New York City is noisy, and that fact is more than just an annoyance — it’s a public health concern. New York University researchers are trying to mitigate noise pollution in the five boroughs, but first, they need your help.

NYU researchers are calling on New Yorkers to sign up as “citizen scientists” for their project Sounds of New York City.

“Sounds of New York City is a project to monitor, analyze and mitigate urban noise pollution, and we’re taking what we call a cyber-physical approach to doing this,” said Mark Cartwright, a researcher with NYU’s Music and Audio Research Laboratory.

The physical part has to do with acoustic sensors that have been placed around the city and transmit audio recordings from high-noise environments. The cyber component comes in with machine listening models, which will identify what is the cause of the noise pollution.

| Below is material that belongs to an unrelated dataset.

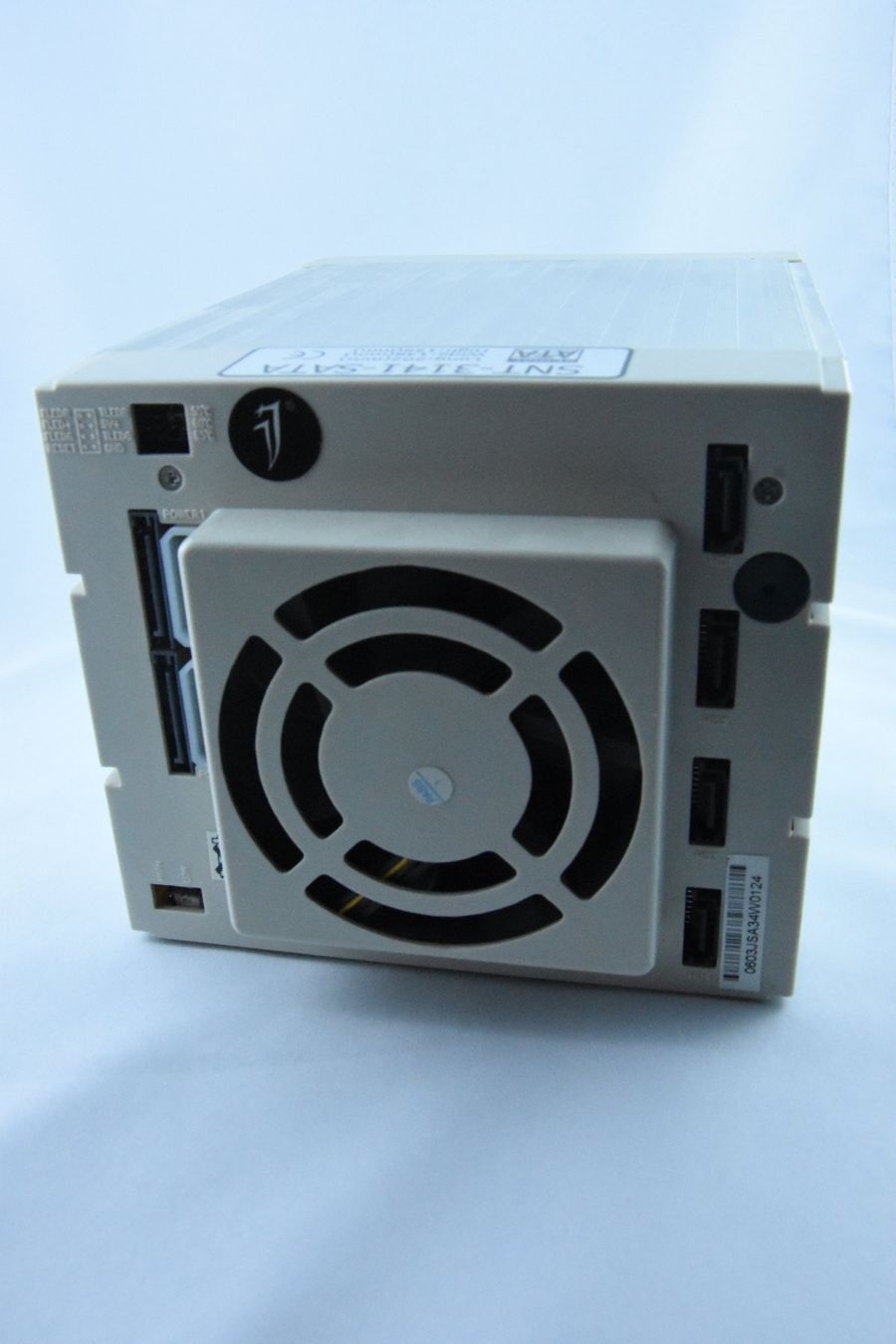 PCs: 4fach SATA DriveBay – Gebraucht aus Künten von Arktisde 1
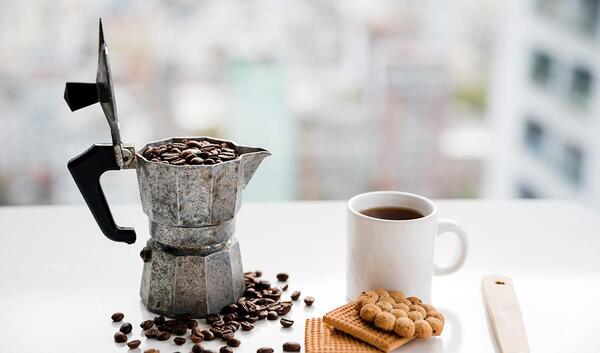 عکس قهوه جوش روی گاز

Before that can happen, though, NYU needs volunteers to train those machine listening models.

People actually power a lot of machine learning, Cartwright explained, because before artificial intelligence can work on its own, it has to be taught which patterns to look for.

“We need a lot of labeled data that will say, ‘oh in this recording there are these different types of sounds,’ ‘there’s jackhammer in this recording, and a fire engine,’” he said. “Once we’ve plucked a lot of examples of that data, we can train our machine listening models to identify different labels assigned to the sources [of noise].”